I would therefore like to propose Pozorvlak's Conjectures:
  1. If you find that a modern dynamic type system causes more problems than it solves, you're probably doing it wrong.
  2. If you find that a modern static type system causes more problems than it solves, you're probably doing it wrong.
For instance, I find Haskell's type system causes me many more problems than it solves. Discussions with more expert Haskell users suggest that I am indeed doing it wrong. This guy, on the other hand, finds that "the dynamic languages stick out like sore thumbs because of the whole class of dynamic run time errors that show up that don't even appear in the statically typed languages". If you find this, I claim that it's because your code is not polymorphic enough1. You can get away with having code which only accepts data of very restricted types when the compiler does all the checks for you statically. When it doesn't, you're better off writing code that behaves well for a wider class of inputs, and dynamic languages give you much more facility to do this. Once you learn to code like this, your problems largely go away. As a bonus, your code becomes more flexible, and whole classes of techniques become possible that would have been literally unthinkable before. Similar claims, it appears, can be made for static languages: at the higher levels of mastery, one can use a static type system as a theorem-prover to establish some quite nontrivial properties of your program automatically and across the entire codebase. This allows for some excitingly different approaches to program development.

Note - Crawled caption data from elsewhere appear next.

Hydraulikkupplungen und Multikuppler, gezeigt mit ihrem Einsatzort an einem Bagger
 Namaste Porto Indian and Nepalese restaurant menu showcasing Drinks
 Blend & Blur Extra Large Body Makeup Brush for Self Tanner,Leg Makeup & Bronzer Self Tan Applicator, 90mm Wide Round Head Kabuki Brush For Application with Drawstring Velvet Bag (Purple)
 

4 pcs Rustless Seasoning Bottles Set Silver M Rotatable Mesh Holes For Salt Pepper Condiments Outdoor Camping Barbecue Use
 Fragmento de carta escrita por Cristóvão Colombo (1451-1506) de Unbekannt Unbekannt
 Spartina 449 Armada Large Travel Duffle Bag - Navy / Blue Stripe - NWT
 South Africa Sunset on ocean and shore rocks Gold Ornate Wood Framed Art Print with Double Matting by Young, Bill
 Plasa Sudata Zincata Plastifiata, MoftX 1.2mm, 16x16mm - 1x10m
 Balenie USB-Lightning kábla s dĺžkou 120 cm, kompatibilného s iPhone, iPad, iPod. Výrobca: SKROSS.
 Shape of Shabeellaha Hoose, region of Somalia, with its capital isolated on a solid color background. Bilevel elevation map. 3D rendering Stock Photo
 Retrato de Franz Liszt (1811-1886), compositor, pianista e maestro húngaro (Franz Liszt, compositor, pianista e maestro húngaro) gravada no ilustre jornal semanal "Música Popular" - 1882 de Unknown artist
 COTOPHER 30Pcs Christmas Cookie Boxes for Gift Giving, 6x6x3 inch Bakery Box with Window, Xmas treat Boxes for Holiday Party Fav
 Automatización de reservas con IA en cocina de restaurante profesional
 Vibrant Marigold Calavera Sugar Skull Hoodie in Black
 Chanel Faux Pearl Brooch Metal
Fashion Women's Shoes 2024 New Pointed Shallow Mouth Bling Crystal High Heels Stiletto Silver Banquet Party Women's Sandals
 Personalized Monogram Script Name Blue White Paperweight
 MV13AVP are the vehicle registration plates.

A corollary is that if you ever finding yourself saying that your port of Feature X to Language Y is better than the original Feature X solely because it's (statically|dynamically) typed and the original Feature X was the other one, you should probably save your breath. It will probably also be worth your while to go back and determine what advantages the opposite choice of typing regimen gave to Feature X's users.

1 A less interesting, but probably valid conjecture is that you're also not testing enough, or at least testing the wrong things. But this can't be the only answer. Dynamic programmers, in general, are not idiots; they are usually also Lazy, in the good sense. They're smart enough to work out that writing the equivalent isa_ok() test every time they would have written a type declaration in Java or whatever is no time-saver at all. Hence, they must need less type information overall for their code to be correct.
Sunday, March 30th, 2008 08:35 pm (UTC)
Agreed.
Sunday, March 30th, 2008 09:32 pm (UTC)
Excellent :-)
Sunday, March 30th, 2008 10:22 pm (UTC)
Hmmm. Sounds extremely sensible, though I can't really say much from my own experiences as my statically-typed language knowledge is limited to C and C++ (plus, if you're generous enough to consider it a programming language, T-SQL).
Sunday, March 30th, 2008 11:34 pm (UTC)
Hey, it's Turing-complete, that works for me :-)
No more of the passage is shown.